Taïwan : cinq minutes pour comprendre les opérations militaires chinoises « inquiétantes »
Le détroit de Taiwan a de nouveau été secoué. Ce jeudi matin, la République populaire de Chine a lancé de nouvelles opérations militaires dans la zone, dans le but d’infliger, selon ses termes, une « punition sévère » au gouvernement taïwanais. En réponse, Taïwan a « fermement condamné ces exercices » et la présidence de l’île a affirmé qu’elle « défendrait les valeurs de liberté et de démocratie ».
Après quelques mois de calme, c’est le discours d’investiture du nouveau président de Taiwan Lai Ching-te, ce lundi, qui a rallumé l’incendie dans la région. Le régime de Pékin a interprété ce discours comme une déclaration d’indépendance.

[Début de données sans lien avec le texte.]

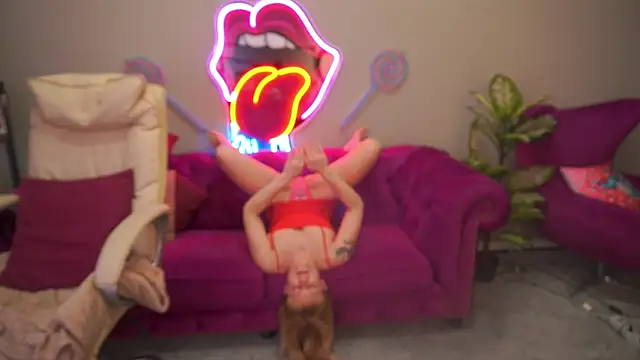 BellaLaPetitのライブXXXチャット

« Toutes les forces séparatistes en faveur de l’indépendance de Taiwan finiront dans le sang », est allé jusqu’à déclarer Wang Wenbin, porte-parole de la diplomatie chinoise. Bien que Taiwan dispose de son propre gouvernement, de son drapeau et même de son propre pouvoir judiciaire, la Chine la considère comme une province sécessionniste et souhaite « réunifier » le territoire national.
« Une légère évolution » du discours taïwanais
« Il y a une légère évolution dans le discours officiel taïwanais », reconnaît Marc Julienne, directeur du Centre Asie de l’Institut français des relations internationales (IFRI). « En parlant de Taiwan d’un côté et de la Chine de l’autre, Lai Ching-te a eu un discours plus décisif que son prédécesseur. Tsai Ing-wen (l’ancienne présidente) avait une position plus subtile qui consistait à rester floue sur le statut des deux entités politiques de part et d’autre du détroit », explique le chercheur.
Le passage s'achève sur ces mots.